ハンガリー出身のシンセコア/スクリーモバンドの2012年リリース、デビューアルバム。
バンド結成は2010年のようで、現在のところローカルなインディーズバンド状態。
メンバーはノーマルとスクリームのそれぞれ専任ヴォーカリストとツインのギターを含む6人編成。ただし、ギターのうち一人はシンセも兼任している。たぶん、シンセはプログラミングじゃないかな。

サウンド的にはシンセコア/ピコリーモの類で、Skip The Foreplayの双子の兄弟みたいな感じ。
専任のスクリーマーが存在するほどなのでスクリームパートもそれなりに豊富だが、基本はノーマルvoを主軸に据えてスクリームで味付けしたもの。ここ最近で現れたシンセコア/ピコリーモの中でもチャラさは相当なもので、シンセサウンドは超厚盛状態。ほぼ全編でシンセが導入されている。音色的にもトランス系が基本となっており、時折We Came As Romansっぽいシリアスな感じのサウンドも使い分けている。
チャラさだけではない男らしさ…いわゆるメタルコア的な土台もしっかりとしているのが特徴で、本来のスクリームパートはノーマルvoで歌われる場合もあるが演奏的にもアグレッシブかつパワフル。シンセばかりではなく、ギターの方もリフワークはかなりメタリックだし、"The Feeling Is Always Strangle"や"Breaking The Dancefloor"のようにごく一部の楽曲では流麗なギターフレーズを持ち込んだりもしている。また、ビートダウン/ブレイクダウンの手法も盛り込んでいるが、それが楽曲にガッチリと馴染んでいるのも魅力的。
スピーディーでノリの良い展開を持つ楽曲で占められている上、歌メロやサビはとにかくキャッチーなので聴きやすいと思う。適度にメロウさもあるし、爽快で伸びやかなメロディも豊富。前述の通りメロディのほとんどはシンセが創りあげている状態だが、アグレッシブな要素もかなりあるのでチャラさだけではない。

オリジナリティという面では"?"が付くが、この手のジャンルでオリジナリティを云々するのがおかしいわけで、全体的にアレンジセンスは相当高く、ローカルなインディーズバンドにしておくには惜しいほど。
東欧的に言えば初期のFail Emotionsとカブる部分はあるし、アメリカンな見方からすればSkip The Foreplayそのものとも言えるサウンドなので、その手のピコリーモが好きなら間違い無くマストなアルバム。

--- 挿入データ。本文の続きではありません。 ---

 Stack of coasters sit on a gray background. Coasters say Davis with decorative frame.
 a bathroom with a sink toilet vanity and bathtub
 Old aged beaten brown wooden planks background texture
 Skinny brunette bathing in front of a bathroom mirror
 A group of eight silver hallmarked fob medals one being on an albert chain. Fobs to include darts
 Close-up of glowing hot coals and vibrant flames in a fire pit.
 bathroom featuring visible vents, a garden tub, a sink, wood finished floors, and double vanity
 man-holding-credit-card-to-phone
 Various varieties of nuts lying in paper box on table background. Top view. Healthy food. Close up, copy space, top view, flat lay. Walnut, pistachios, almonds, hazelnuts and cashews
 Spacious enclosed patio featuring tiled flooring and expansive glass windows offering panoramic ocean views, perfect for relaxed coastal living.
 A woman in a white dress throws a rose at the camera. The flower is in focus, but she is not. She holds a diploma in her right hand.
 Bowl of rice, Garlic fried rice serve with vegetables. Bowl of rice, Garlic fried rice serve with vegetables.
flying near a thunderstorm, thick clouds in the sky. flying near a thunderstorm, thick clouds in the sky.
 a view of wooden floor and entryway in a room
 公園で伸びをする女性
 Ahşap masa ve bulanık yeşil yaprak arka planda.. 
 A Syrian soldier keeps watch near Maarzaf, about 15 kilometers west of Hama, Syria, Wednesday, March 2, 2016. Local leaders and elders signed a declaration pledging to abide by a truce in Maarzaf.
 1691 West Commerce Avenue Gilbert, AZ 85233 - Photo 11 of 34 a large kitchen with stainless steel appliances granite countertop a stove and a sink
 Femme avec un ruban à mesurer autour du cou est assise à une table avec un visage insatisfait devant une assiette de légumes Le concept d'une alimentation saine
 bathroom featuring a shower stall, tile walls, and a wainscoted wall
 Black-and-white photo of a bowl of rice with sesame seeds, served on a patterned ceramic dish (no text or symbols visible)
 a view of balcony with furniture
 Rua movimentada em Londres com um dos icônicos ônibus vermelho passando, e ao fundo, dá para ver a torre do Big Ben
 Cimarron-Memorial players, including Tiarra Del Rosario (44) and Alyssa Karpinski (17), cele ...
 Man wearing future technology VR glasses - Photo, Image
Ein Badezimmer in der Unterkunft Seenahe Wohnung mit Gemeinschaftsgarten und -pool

ハンガリーという失礼ながら辺鄙な場所から非常にクオリティが高いバンドが現れて驚いた。東欧的シンセコア独特のB級臭さが全く無く、良い意味でアメリカナイズされたサウンドなのでシンセコア/ピコリーモの一線級バンドと比較しても何ら劣る部分が感じられない。ピコリーモ好きなら確実に買いの一枚だろう。